Since those photos were taken, the not matching track has also been adjusted by what seems pretty close to the right amount. So far then I am very happy with the results and look forward to finding the right height to raise the turntable bridge track to line up with the pit/stall tracks. But all that will have to wait for the next instalment pertaining to turning tables, thank you Adele!

Tuesday, 9 October 2012

October School Holidays

Some time ago I wrote up about some benchwork for a layout and you may be wondering how it is going. Something I have learnt that model railroading encompasses many fields and skills. Also that scale is what you make of it. Smaller scales mean omitting details where it is not possible to model the detail realistically. Larger scales demand more detail as the absence of items is able to be picked up by the eye, luckily material strength and so on allow us to add detail as the scales increase in size. And then there is the ultimate scale, 12 inches = 1 foot, or 1:1. One might think that objects are no longer a model at this size, but models are a representation of the real thing, not the real thing, no matter what the size. So it is that recently I made a model of a clap board. It had to look like a clap board and sound like a clap board, but not be a clap board in other particular.

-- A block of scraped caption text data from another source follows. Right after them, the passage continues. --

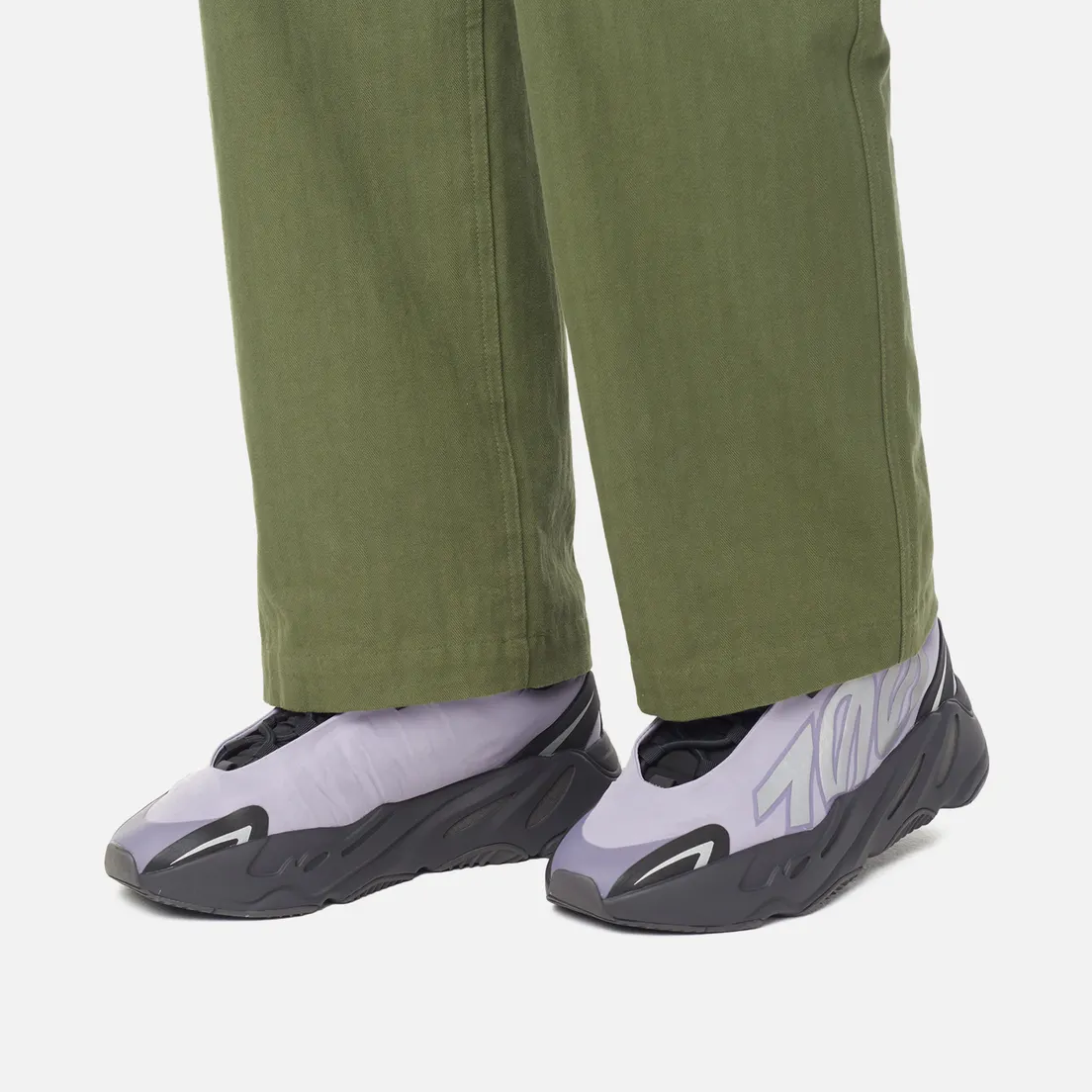 adidas Originals Кроссовки YEEZY Boost 700 MNVN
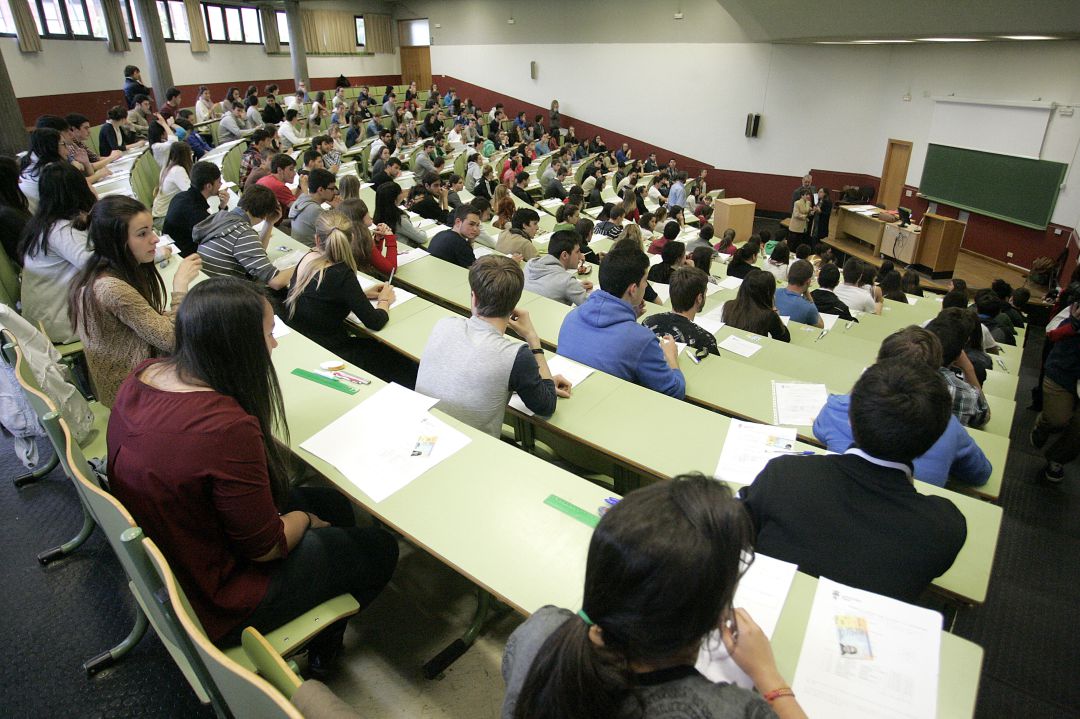 Un examen más difícil y las tasas más caras determinan el futuro de los estudiantes Un examen más difícil y las tasas más caras determinan el futuro de los estudiantes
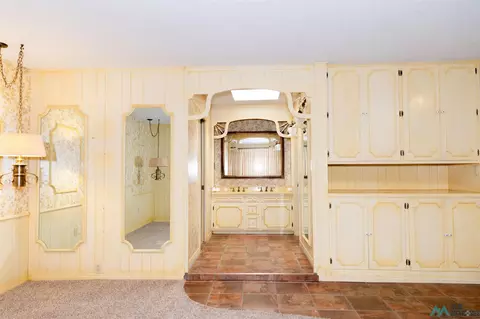 Bath - 2016 Wilshire, Clovis, NM 88101 photo 8 of 11
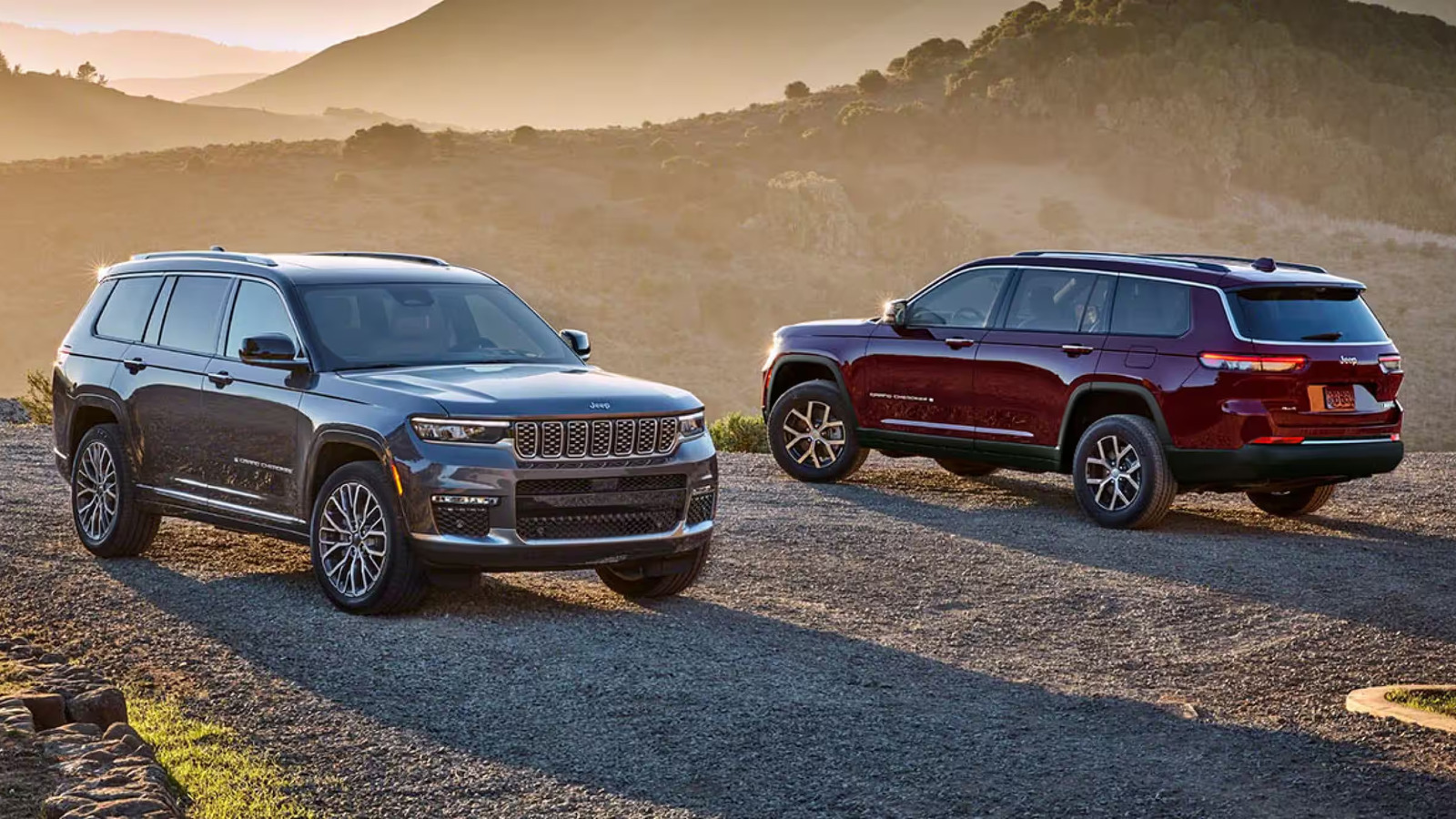 Jeep Grand Cherokee Summit Vs. Altitude: What's The Difference?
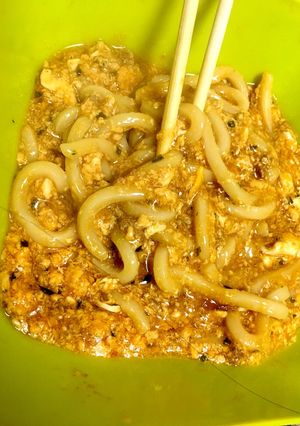 麻婆豆腐の素で☆麻婆かきたまうどん-レシピのメイン写真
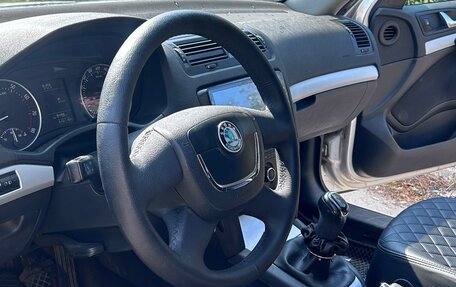 Skoda Octavia, 2011 год, 850 000 рублей, 20 фотография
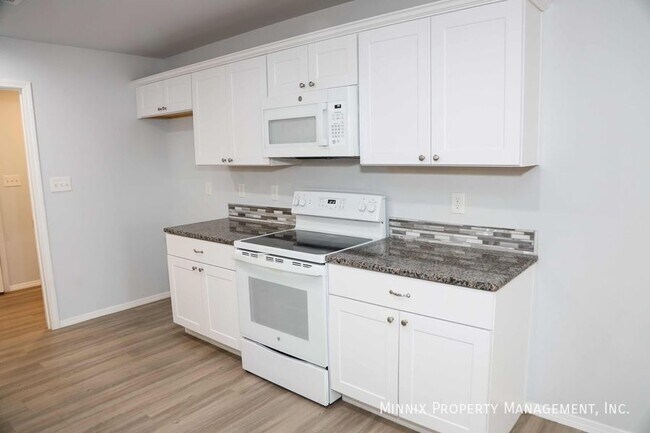 Building Photo - 1649 Wrigley Dr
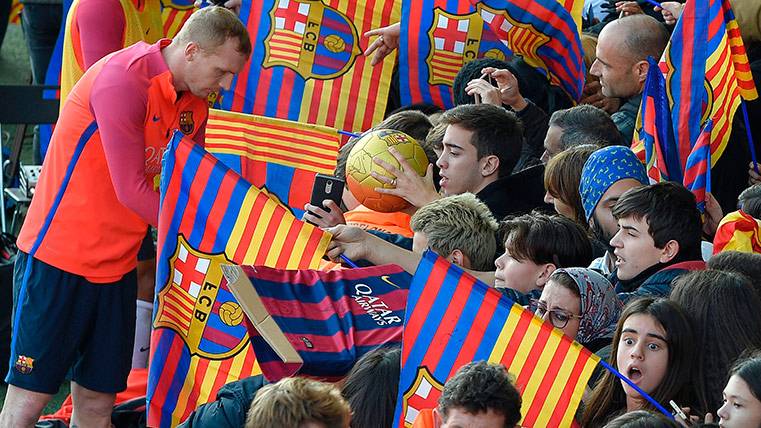 Jeremy Mathieu recibió el alta médica del FC Barcelona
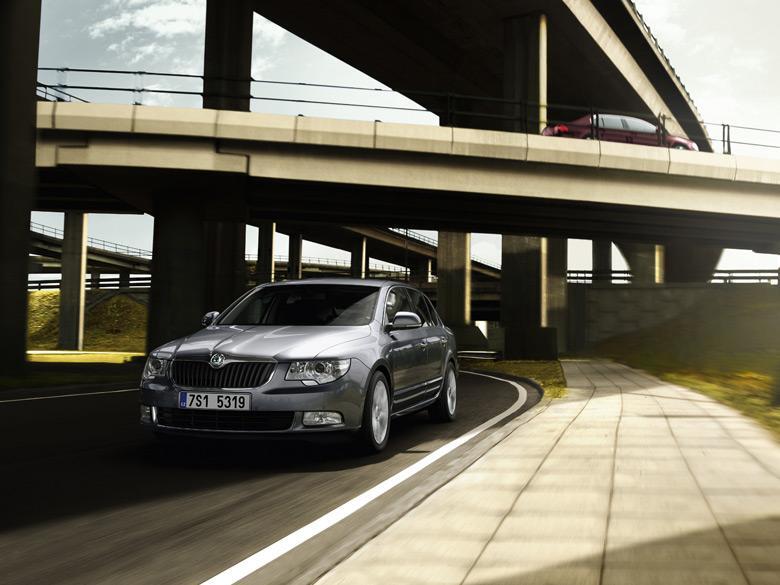 Autoesittely Skoda Superb 2011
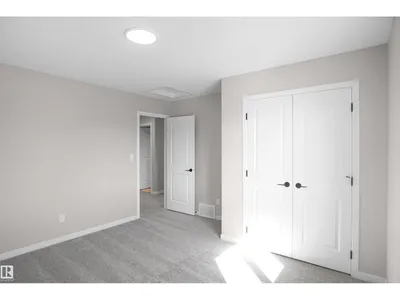 7113 51 AV photo 35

Over these October school holidays I took some leave from work and the time had come to bite the bullet with doing something with the plywood that had been cut for a baseboard for a future layout. We have a nice corner in our front entry way and we have needed another bookshelf for some time now. All these things came together in a perfect storm as I had time to do something about all these things. And so a bookshelf has been born courtesy of the plywood panels. Add some fancy hard wood trimming with and without detail and it is well on the way. This had to be more than a model but used some of the skills I have learnt about wood as part of railway modelling over the years.

Also mentioned less time ago I am detailing a Dapol Autocoach with the Dart casting kit. After painting the interior of the coach, I have started doing the body detail of the coach. As has been noted by others elsewhere the floor mounted cab controls both look higher than they do in the prototype so I have not affixed them inside just yet. Currently there are handrails, lamp irons and steps now replacing the moulded versions on the front of the cab as below.